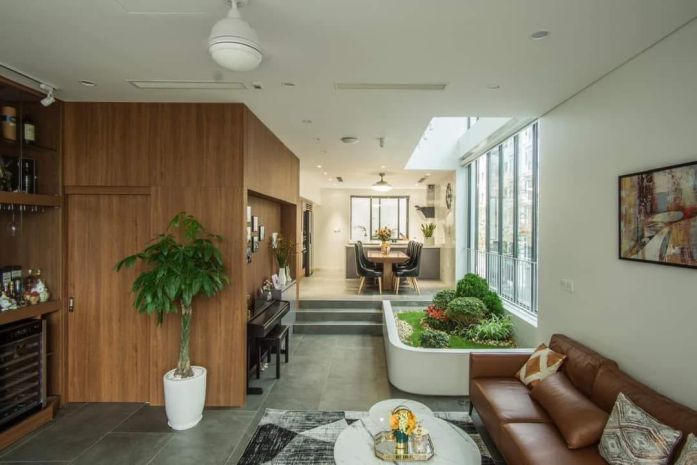 Bán nhà liền kề khai sơn town 100m², lô góc 3 mặt thoáng, 5 6604333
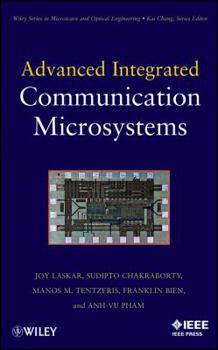 Hardcover Communication Microsystems Book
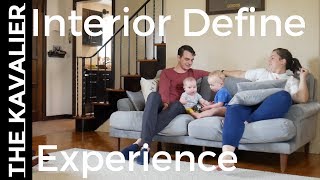 My Interior Define Sofa Experience - Custom Online Furniture with Free White Glove Delivery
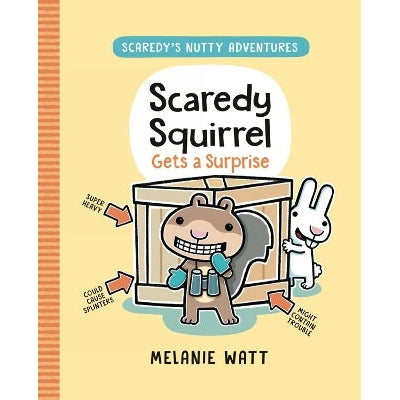 Scaredy Squirrel Gets A Surprise-Books-Tundra Books-Yes Bebe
== == ==
Task to carry out
What the task needs is the material above repeated exactly, pictures excepted.

Response to this task
 Bán nhà liền kề khai sơn town 100m², lô góc 3 mặt thoáng, 5 6604333
 Hardcover Communication Microsystems Book
 My Interior Define Sofa Experience - Custom Online Furniture with Free White Glove Delivery
 Scaredy Squirrel Gets A Surprise-Books-Tundra Books-Yes Bebe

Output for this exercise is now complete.